_Dataset records_.
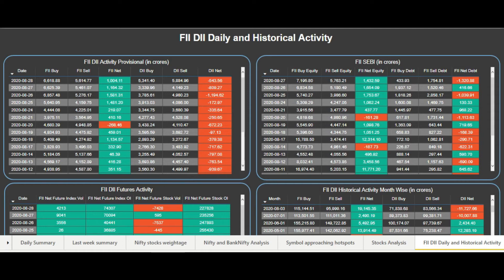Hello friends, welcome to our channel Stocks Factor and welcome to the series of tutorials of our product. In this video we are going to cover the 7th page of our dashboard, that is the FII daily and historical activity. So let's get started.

...

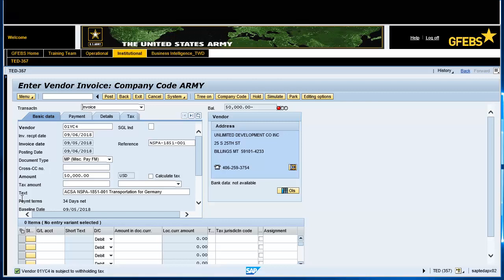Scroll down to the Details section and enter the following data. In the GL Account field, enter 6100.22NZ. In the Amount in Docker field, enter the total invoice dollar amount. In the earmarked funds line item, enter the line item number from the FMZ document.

--

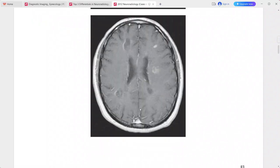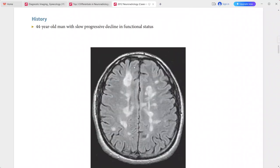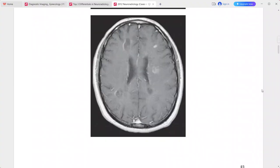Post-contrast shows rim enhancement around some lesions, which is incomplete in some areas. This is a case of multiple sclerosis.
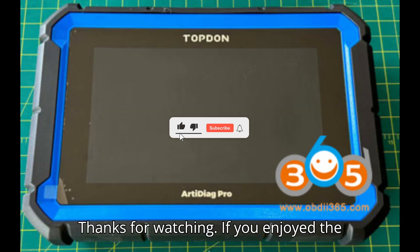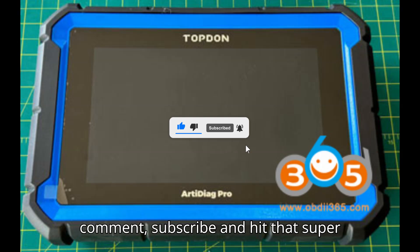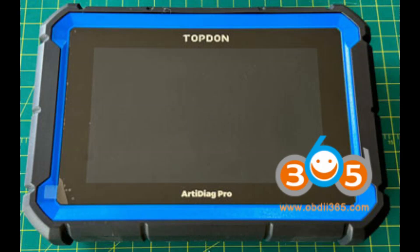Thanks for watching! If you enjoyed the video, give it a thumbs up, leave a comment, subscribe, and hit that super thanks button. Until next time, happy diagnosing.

_Exercise goal_. The response must repeat exactly the lines above from the one with "Post-contrast shows rim" through the one with "Thanks for watching!", including both, and must contain no pictures and no other text.

_Answer to the problem_.
Post-contrast shows rim enhancement around some lesions, which is incomplete in some areas. This is a case of multiple sclerosis.
Thanks for watching! If you enjoyed the video, give it a thumbs up, leave a comment, subscribe, and hit that super thanks button. Until next time, happy diagnosing.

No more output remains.